* [Given records]:
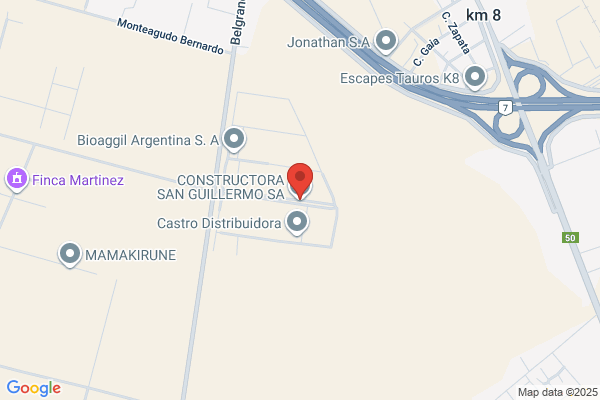 Negociacion San Guillermo S.A.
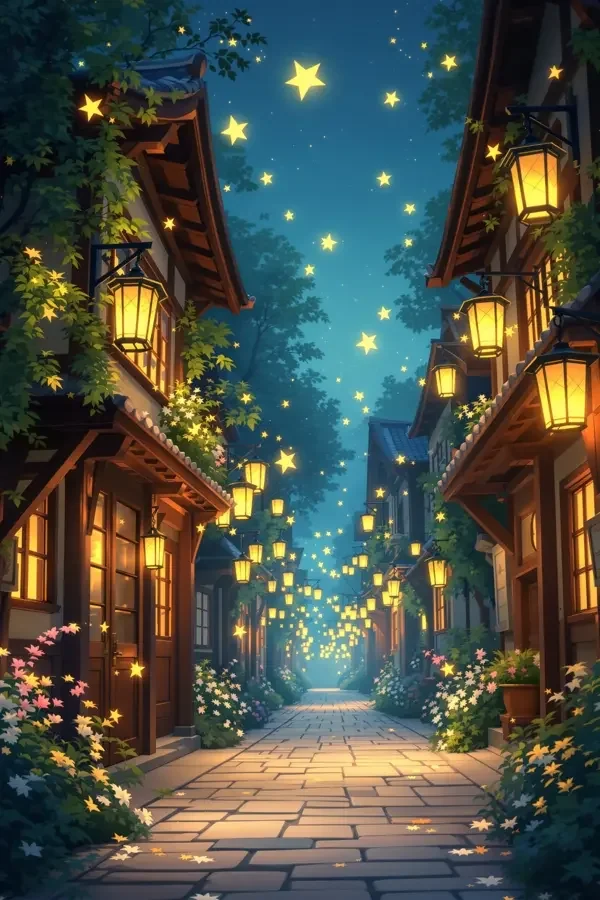 星河巷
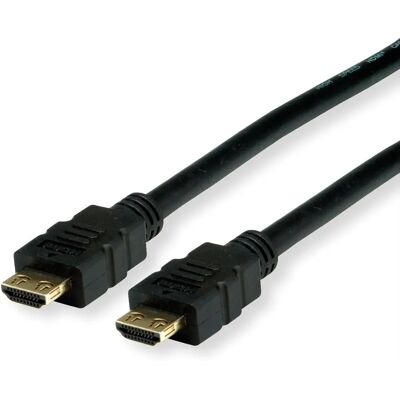 VALUE HDMI Kabel 10m - 4K UHD, HDMI 2.0, HDR, Ethernet VALUE HDMI Kabel 10m - 4K UHD, HDMI 2.0, HDR, Ethernet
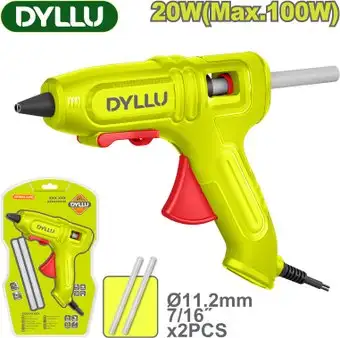 Термоклеевой пистолет Dyllu DTGL1606 – изображение в каталоге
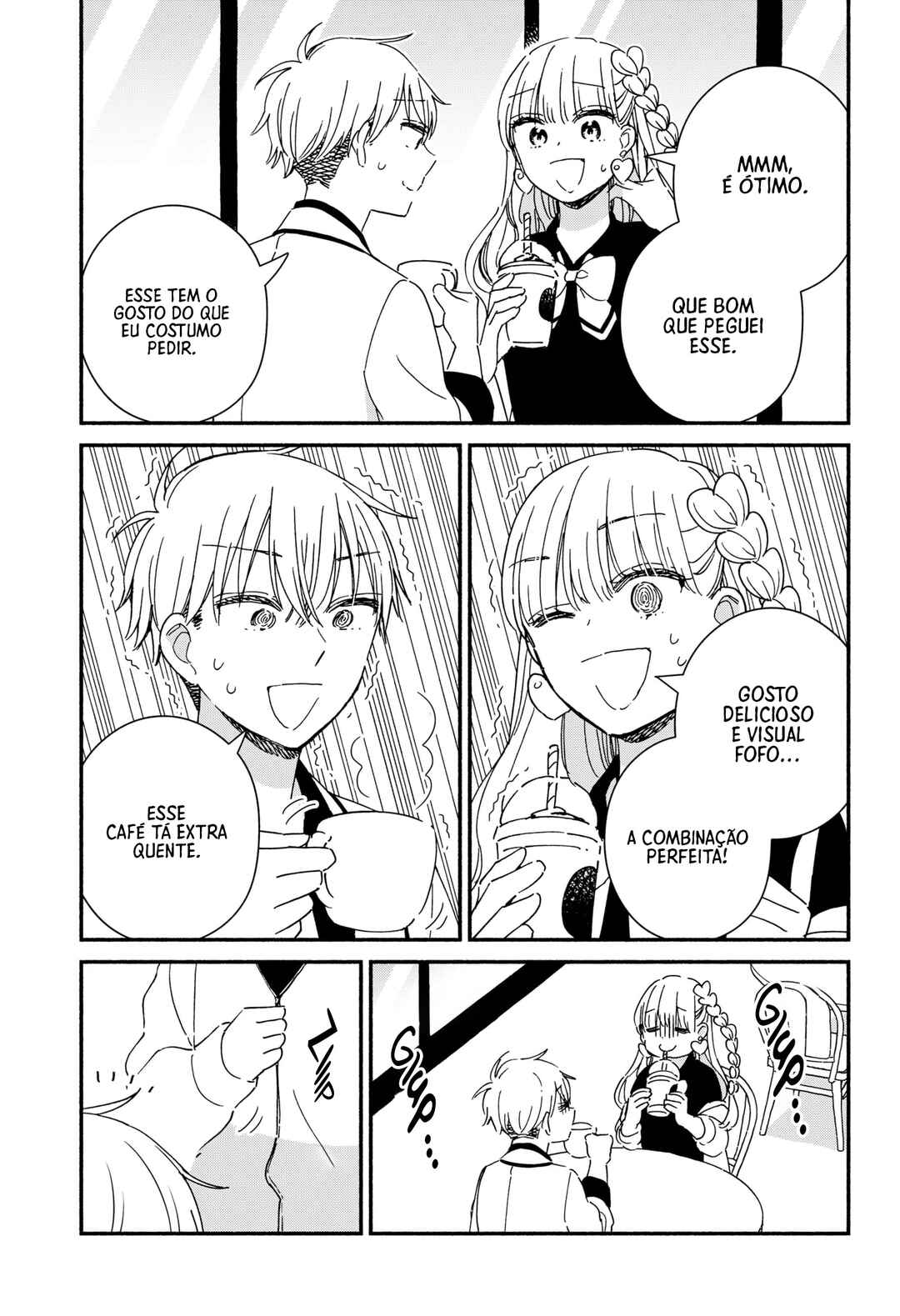 Kono Class ni Gal wa Inai Chapter 3 - Page 9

* [Task instructions]: Please print all the data above word for word. Pictures should not appear in the copy.

* [Result]:
 Negociacion San Guillermo S.A.
 星河巷
 VALUE HDMI Kabel 10m - 4K UHD, HDMI 2.0, HDR, Ethernet VALUE HDMI Kabel 10m - 4K UHD, HDMI 2.0, HDR, Ethernet
 Термоклеевой пистолет Dyllu DTGL1606 – изображение в каталоге
 Kono Class ni Gal wa Inai Chapter 3 - Page 9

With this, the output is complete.